For sure your system is under big memory stress and we have to find out if something goes wrong with opencl tiling ...
BTW, does this all work without crashes if opencl is not activated? (It will be very slow)
So I deleted the openCL kernel cache (at %localappdata%\Microsoft\Windows\INetCache\darktable) and cleaned-up darktable.rc as you suggested. First try resulted in a blue screen, second (after rebooting the machine and thus with more RAM available) just took very long time and the application returned.
Logfiles:
- with blue screen: darktable-log_01.txt
- without blue screen: darktable-log_02.txt
I will post feedback about what happens when deactivating openCL later this evening...
After turning openCL off, restarting darktable (to be sure) I did two more tests also resulting in application crash or even blue screen
- less available RAM (browser was running): darktable-log_03.txt
- more available RAM after fresh boot due to a blue screen 😁: darktable-log_04.txt
Ok and thanks. For sure the memory consumption is too high. Not sure yet if this is something we can handle better in dt.
I think I understand now what's happening. You are requesting two mipmap images thus starting two export pipelines, the second is started immediately after the first.
The algorithm making sure "dt should tile" doesn't know about the above and allows every pipe the whole lot what dt is allowing.
I don't know how to fix that right now, certainly requires a lot of thinking and source reading. I am pretty sure this has been like this for very long. We relied on swapping to be safe, certainly not true an more.
Maybe something else has changed on your system making it more unstable if its forced into swapping.
Thanks for analyzing this so quickly.
I noted, that it also seems to depend on the set of applied modules. My base processing stack includes three instances of D&S. As color equalizer is such a nice tool I use for some months now, I would assume, that this might be the crucial change on my system... I double-checked and found that a set of pictures which I used for providing lens correction (mostly featureless white / grey sky), simply don't run into this problem.
So as this issue seems to be quite complicated to solve as you already indicated, bottom line seems to be -> invest in an additional SO-DIMM bar 😁 If there is anything I could do to assist further, please just let me know 👋
@Macchiato17 If OpenCL is enabled you might try to use the "very fast GPU" mode and make sure you have set in darktablerc "opencl_mandatory_timeout=10000" or alike to enforce the OpenCL pipe. I think that should help until you got your bar :-)
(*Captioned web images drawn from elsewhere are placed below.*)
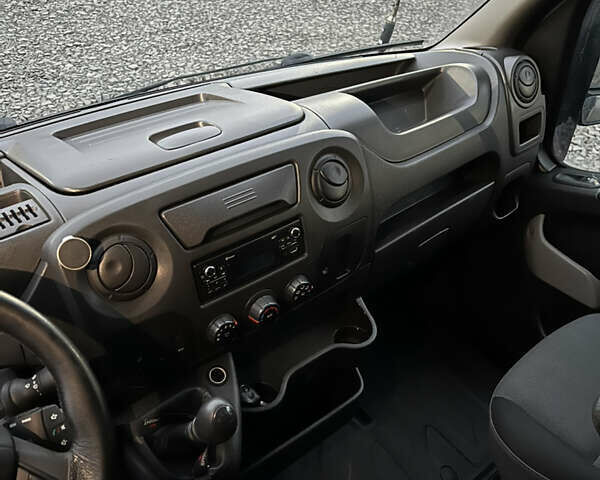 Серый Рено Мастер, объемом двигателя 2.3 л и пробегом 215 тыс. км за 17500 $, фото 29 на Automoto.ua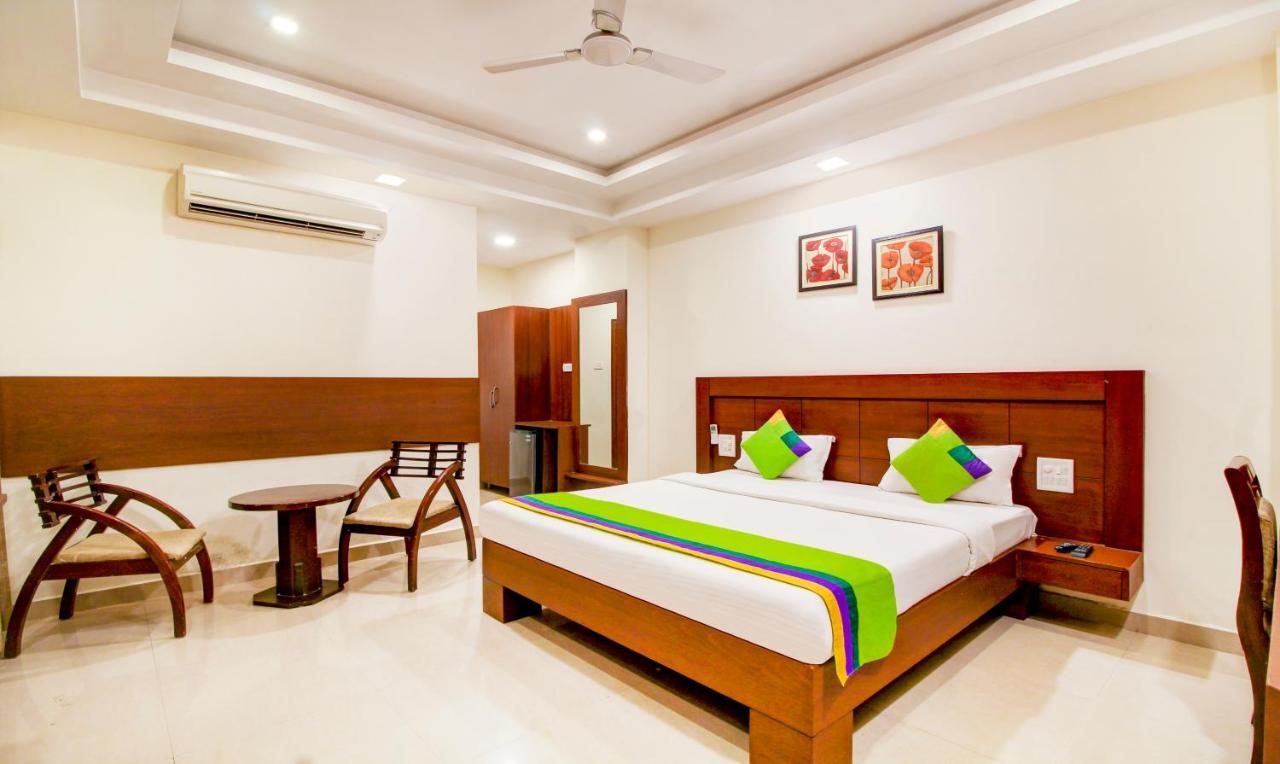 Treebo Trend Hotel Jp Plaza Nampally Hyderabad Exterior foto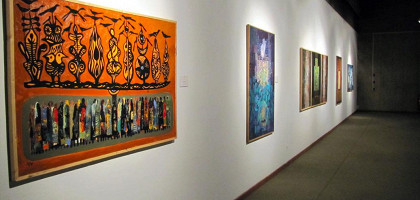 Выставка картин в музее современного искусства в Тегеране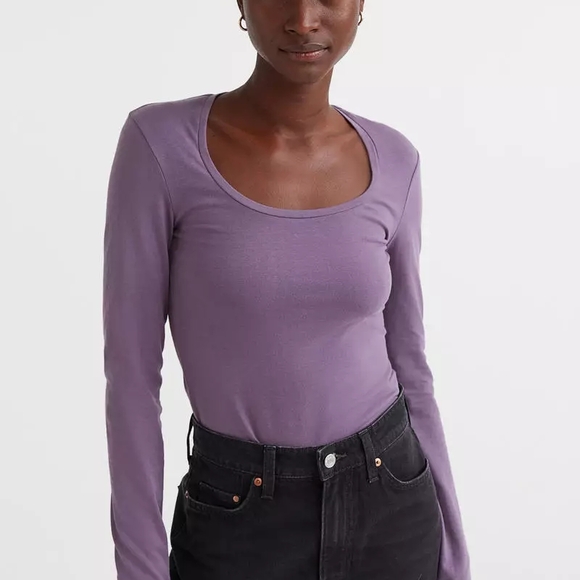 H&M Tops - 💜 H&M Purple Fitted Long Sleeve Bodysuit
I really appreciate your great commitment for the dt development and all your effort you put into optimization also for quite small and not too powerful systems (as mine perhaps may be 😉). So I just saw your PR already being merged into master, did a compile and gave it a try (turning darktablerc back to "very fast GPU" and applying the increased timeout value as you suggested)
---> 😎 <---
The GPU is heavily stressed 😁 and the system keeps well responsive and rendition of the 100% zoom in lighttable returns in an acceptable amount of time. Thanks so much again for your strong support and such a quick healing action. For sure, that's not to be taken for granted!
Have a good time 👋